So gab es heuer bei Kämpfen zwischen Aserbaidschan und Armenien um die Enklave Berg-Karabach dutzende Tote, und auch auf dem Balkan hat sich die Lage durch die immer forscher vorgetragenen bosnisch-serbischen Sezessionsbestrebungen alles andere als entspannt. Auch zwei Jahrzehnte nach dem Ende der Bürgerkriege in Ex-Jugoslawien.

“Mit Damage Control (Schadensbegrenzung) ist schon viel erreicht”, brachte ein OSZE-Diplomat im APA-Gespräch die Erwartungen an das Vorsitzland auf den Punkt. “Es wäre bereits ein Erfolg, wenn weiter alle an einem Tisch bleiben.” Eine zusätzliche Unwägbarkeit bildet der außenpolitische Kurs der künftigen US-Regierung unter Präsident Donald Trump, der zuletzt ein atomares “Wettrüsten” in den Raum gestellt hatte.

Treffen der Außenminister

Anfang Dezember absolvierte Kurz beim OSZE-Ministerrat in Hamburg einen Marathon an bilateralen Treffen und kam mit einem Drittel der 50 angereisten Außenminister zusammen, darunter John Kerry (USA), Sergej Lawrow (Russland) und Pawlo Klimkin (Ukraine).

Das Jahrestreffen legte aber wieder einmal die großen politischen Differenzen zwischen dem Westen und Russland offen. Der scheidende OSZE-Vorsitzende, Deutschlands Außenminister Frank-Walter Steinmeier, wünschte seinem Nachfolger vor allem “gut Glück” und “gute Nerven”, und fügte hinzu: “Den rauen Wind, der uns im letzten Jahr ins Gesicht geweht ist, den werdet ihr auch spüren.”

Ansässig in Wien, betreibt die OSZE insgesamt 17 Missionen auf dem Balkan, am Kaukasus und in Zentralasien. Ein Ritual ist die wöchentliche Sitzung der Botschafter der 57 OSZE-Staaten in der Hofburg. Außenminister Kurz will bei der Sitzung am 12. Jänner die Prioritäten des österreichischen Vorsitzes präsentieren. Neben der Stärkung des Vertrauens zwischen den OSZE-Staaten und Bemühungen zur Konfliktlösung gehört auch der Kampf gegen die Radikalisierung dazu. Hier hat Kurz nämlich die Hoffnung, dass der Westen und Russland eher an einem Strang ziehen als bei anderen Fragen.

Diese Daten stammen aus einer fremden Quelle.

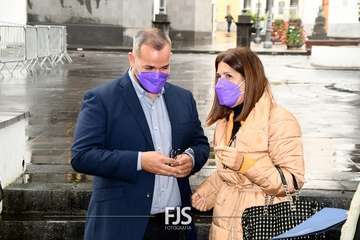 Presentación de la programación en Telde por El Día Internacional de la Mujeres7Francisco Javier Santana.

Wichtige Entscheidungen werden getroffen

Der Vorsitz ist vor allem eine große logistische Herausforderung, sind doch 100 Politikbereiche – vom Kampf gegen den Frauenhandel bis zur Wahlbeobachtung – abzudecken. Kommendes Jahr sind auch einige heikle Personalentscheidungen zu treffen. So braucht die OSZE einen neuen Generalsekretär, da die zweite und letzte Amtszeit des Italieners Lamberto Zannier im Juni ausläuft.

“Österreich übernimmt den Vorsitz zu einem Zeitpunkt, zu dem der Aufgabenbereich wirklich sehr kompliziert ist”, sagte Zannier im APA-Gespräch. Doch sei die OSZE auch besonders gut geeignet, als Brückenbauer zu agieren, gerade wegen des in der Organisation geltenden Konsensprinzips.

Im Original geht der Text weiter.